Zalim adamlardan biri uzunca demir bir kanca aldı, bunu ağa geçirdi ve onları tek bir hızlı hareketle güverteye çekti.

Havada savruldular, ipler kesildi ve Angel sert bir biçimde güverteye düştüğünü hissetti. Neredeyse üç metre yüksekten düşmüş, sonra güvertede yuvarlanmışlardı. Angel’ın kaburgaları darbeden yanmaya başladı ve kurtulmaya gayret ederek ipleri çekiştirdi.

Ama bunun bir faydası olmadı. Birkaç saniye içinde birkaç korsan üstlerine atladılar, onu ve Thorgrin’i yere mıhladılar ve çekiştirdiler. Angel birkaç kaba elin onu tuttuğunu, çekiştirerek üstünden sular damlarken ayağa kaldırıldığında ellerinin arkasında kalın bir sicimle bağlandığını hissetti. Kıpırdaması bile mümkün değildi.

Angel endişeyle Thorgrin’e baktı, onun da ellerinin bağlandığını, hala kendisine gelemediğini ve ayıktan ziyade baygın gibi olduğunu gördü. Birlikte hızla güverteden çekildiklerinde Angel tökezledi.

“Bizden kaçmak ne demekmiş şimdi anlarsın,” dedi korsanlardan biri.

Angel başını kaldırınca, alt güverteye açılan ahşap bir kapı gördü ve güvertenin daha aşağı kısımlarının zifiri karanlığına baktı. Bir anda, korsanlar ikisini de aşağı ittiler.

Angel kafa üstü karanlığa doğru uçarken tökezlediğini hissetti.
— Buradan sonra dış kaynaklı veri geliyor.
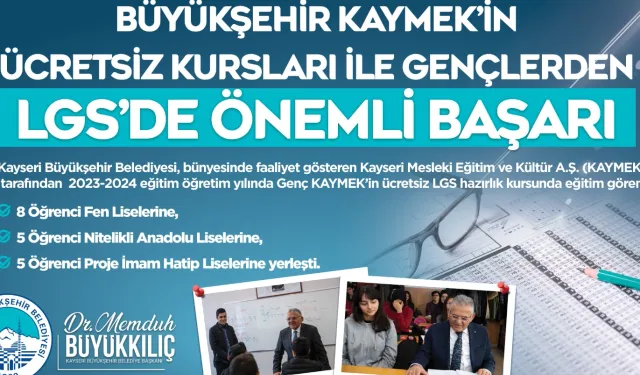 Ücretsiz kurslar ile gençlerden LGS’de önemli başarı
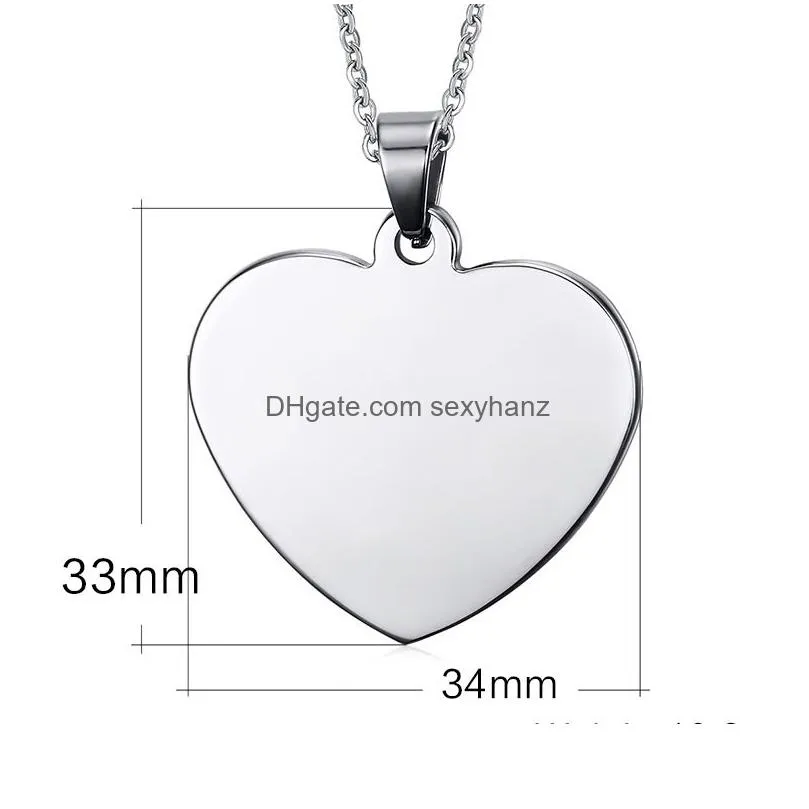 fashion stainless steel necklaces for women and men creative bone star heart shaped blank dog tag pendant necklace jewelry gifts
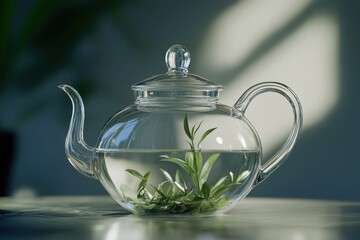 Clear glass teapot with fresh green leaves on a light background creating a serene atmosphere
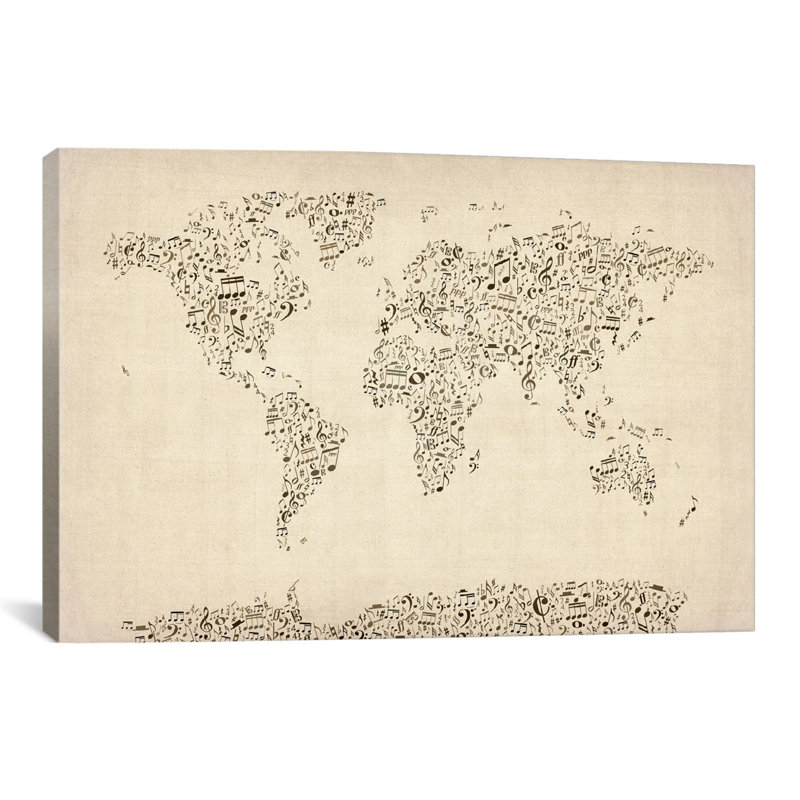 « music notes map of the world » par michael tompsett, impression sur toile, H 40 po x l 60 po x P 1,5 po, Toile tendue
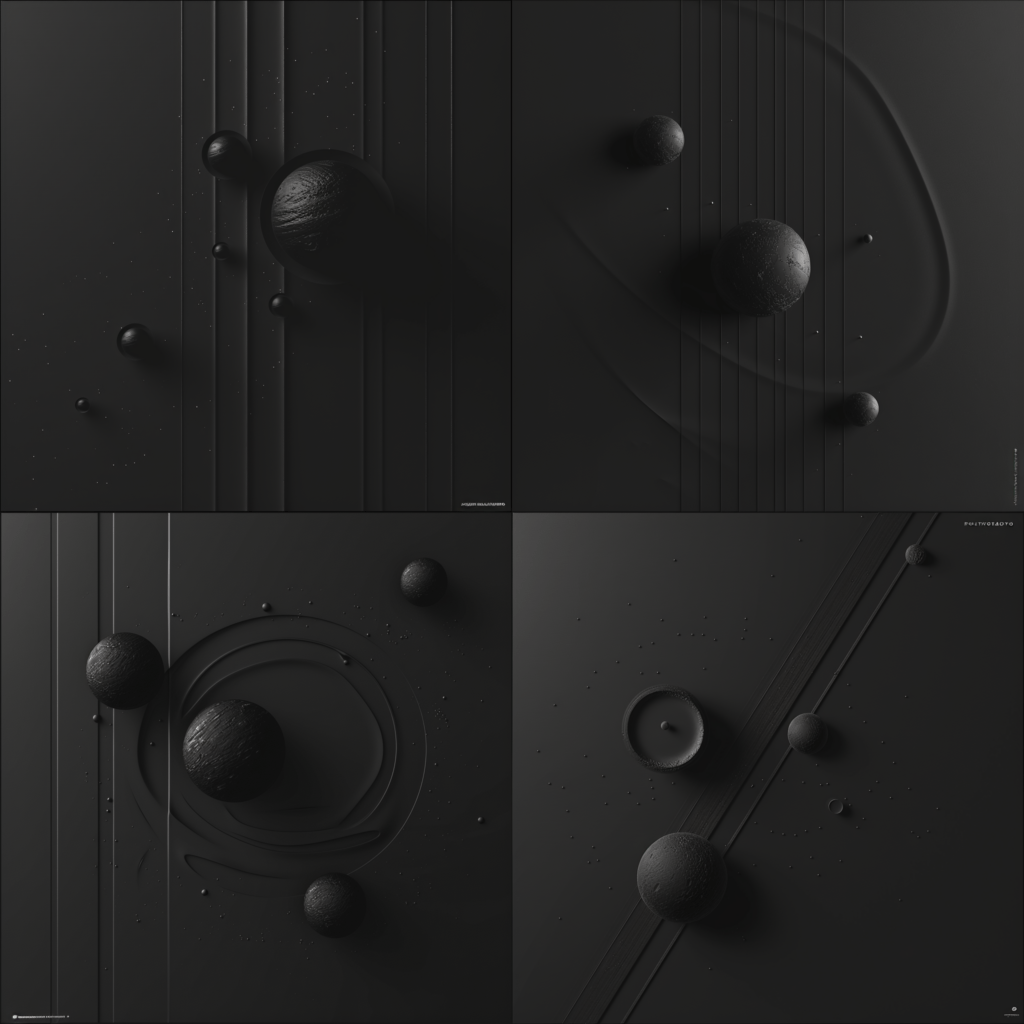 Imagery van Praso: high resolution all black afbeeldingen met digitale art in thema ruimte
Yüz üstü yere düşüp başını sert bir biçimde ahşap zemine vurdu. Sonra, Thor’un ağırlığının üstüne yıkıldığını ve ikisinin birlikte karanlığa yuvarlandıklarını hissetti.

Güvertenin ahşap kapısı yukarıdan sertçe kapatılınca tüm ışık kayboldu. Kapı kalın bir zincirle kilitlendi ve Angel karanlıkta nefes nefese yatarken korsanların onları nereye attığını merak etti.
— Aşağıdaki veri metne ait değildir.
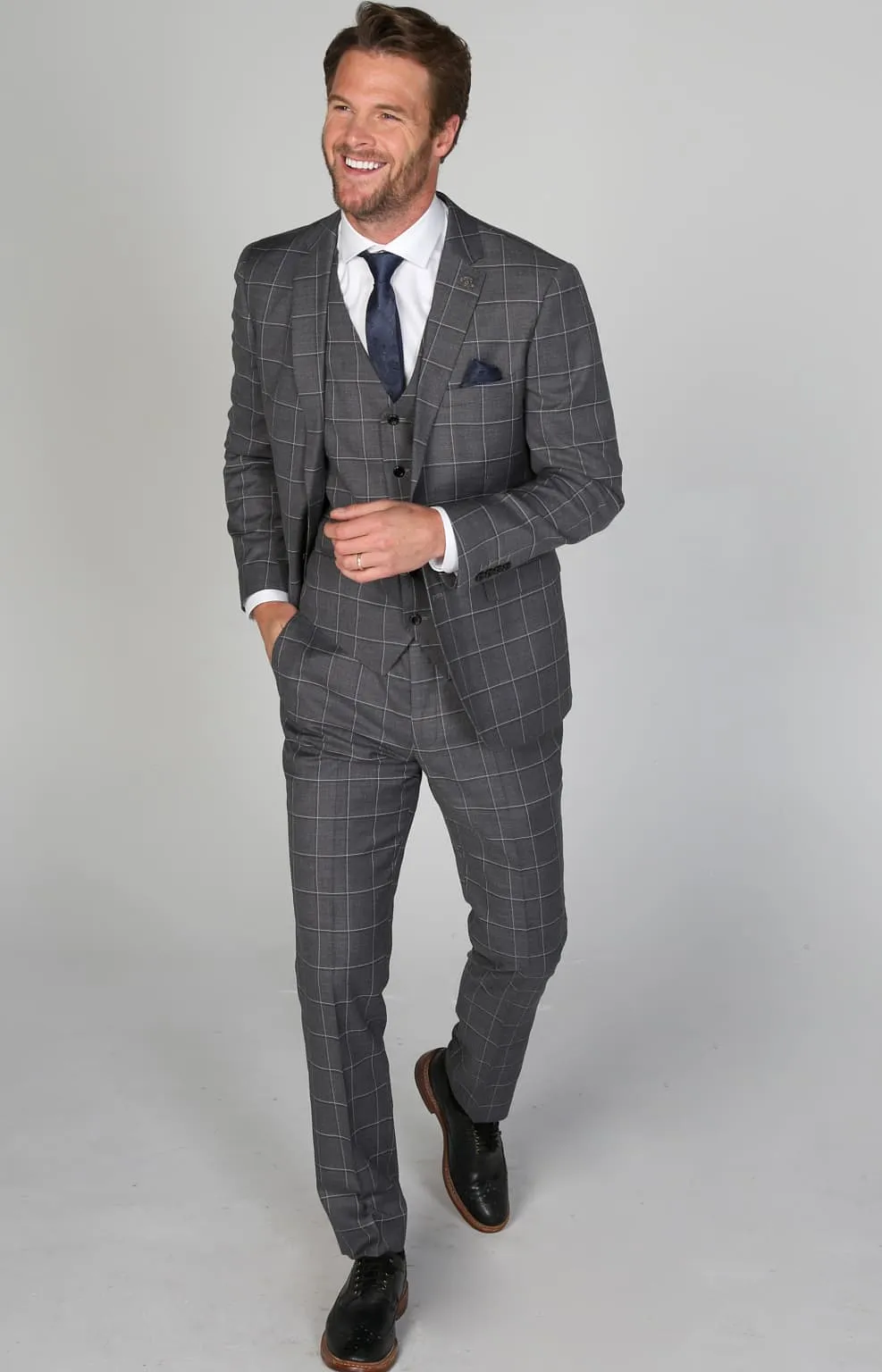 Hobbs Grey Men's Three Piece Suit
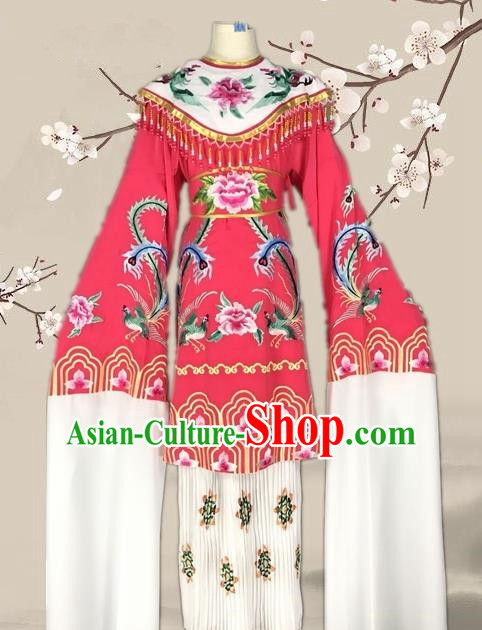 Chinese Traditional Beijing Opera Actress Rosy Dress Ancient Palace Empress Costume for Adults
Deponun karşı ucunda, birden içeri günışığı doldu. Angel korsanların demir parmaklıkları olan ahşap bir kapağı açtıklarını gördü. Yukarıda beliren birkaç surat aşağıya baktı, bazıları geri çekilmeden önce tükürdü. Ama kapağı sertçe kapatmadan önce, Angel karanlıkta iç rahatlatan bir ses duydu.
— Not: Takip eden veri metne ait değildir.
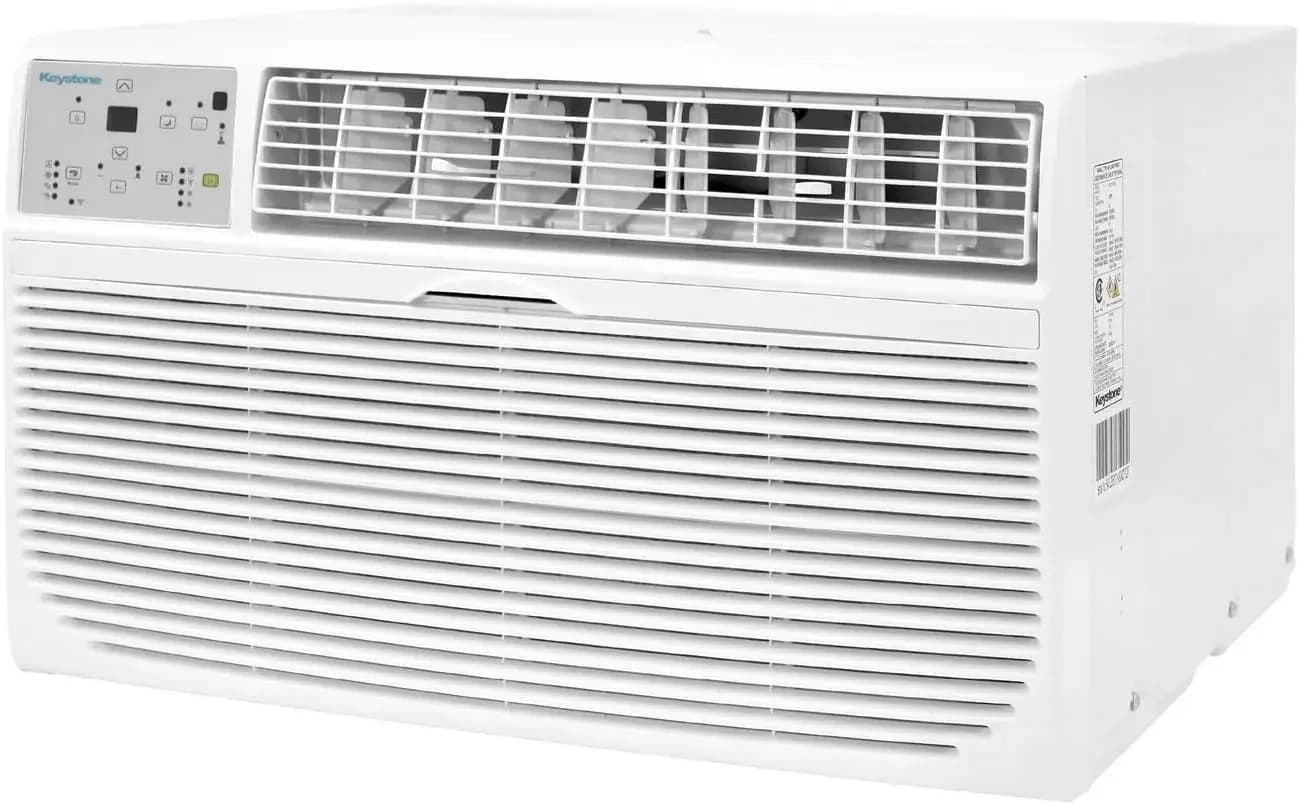 Keystone 14,000 BTU Wall Mounted Air Conditioner with Supplemental Heat and Dehumidifier Function, 230V, Wall AC for Living Room and Large Rooms Up To 700 Sq.Ft., Quiet, High Efficiency AC with Remote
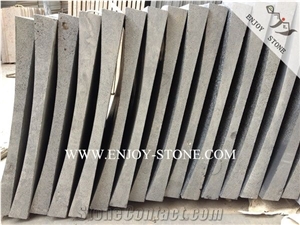 Honed Grey Basalt Curved Tiles For Exterior Wall Cladding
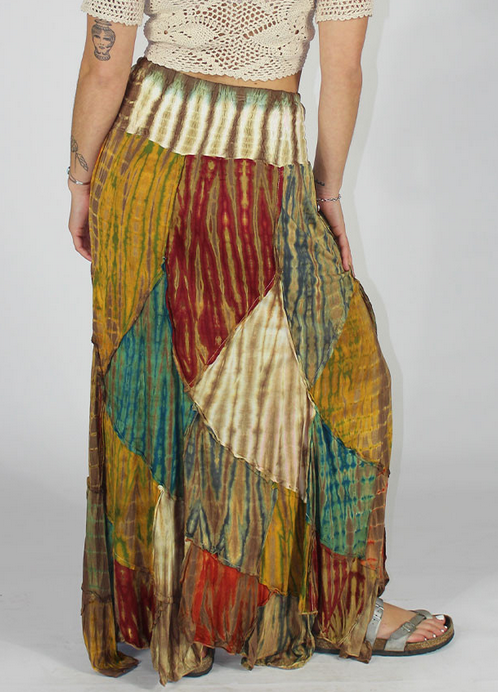 Women's Viscose Tie-Dye Grateful Dead Steal Your Face Angle-Cut Patchwork Maxi Skirt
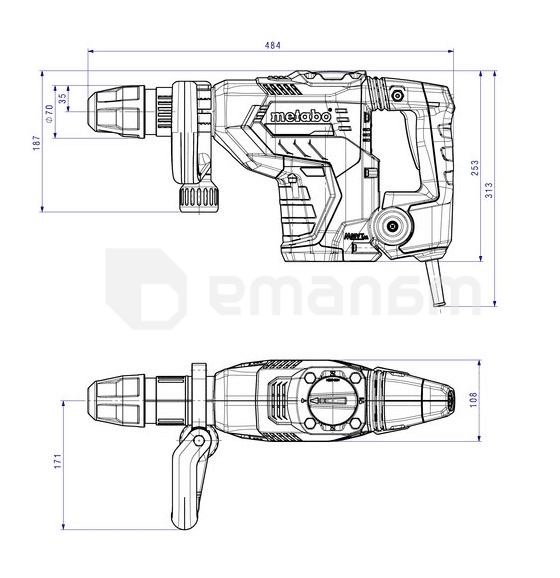 სანგრევი ჩაქუჩი Metabo MHEV 5 BL 1150W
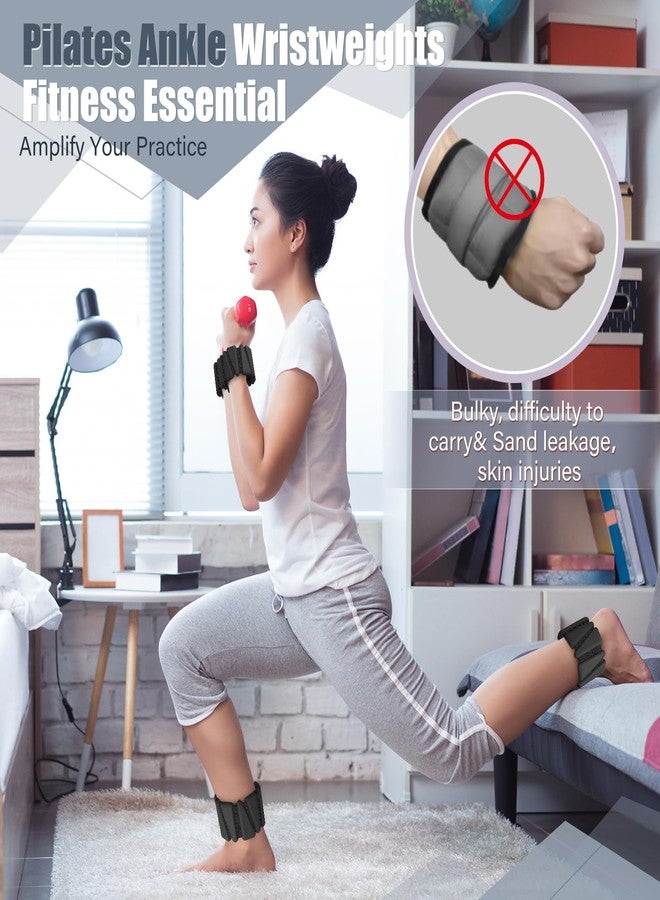 Vinsot Pilates 2Lbs Wrist Ankle Weights for Women, Wearable Arm Leg Set of 4, Adjustable Weighted Wristbands Arm Leg Weights Suitable for Walking Swimming Running Yoga Gym(Black) - Image 4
“Merak etmeyin. Yalnız değilsiniz.”

Angel bir ses duyduğuna şaşırıp rahatladı ve arkasını dönüp de elleri arkalarından bağlanmış olan arkadaşlarını karanlığın arasında otururken görünce hem şok geçirdi, hem de çok sevindi. Reece, Selese, Elden, Indra, O’Connor ve Matus tutsak alınmıştı, ama hepsi hayattaydı. Onların denizde öldürüldüğüne o denli emindi ki, hayatta olduklarını görünce derin bir oh çekti.

Ama tüm bu yüce savaşçıların tutsak alınmasının hiç de iyiye işaret olmadığını düşündü. Oradan sağ salim kurtulmak için ne kadar şansları vardı?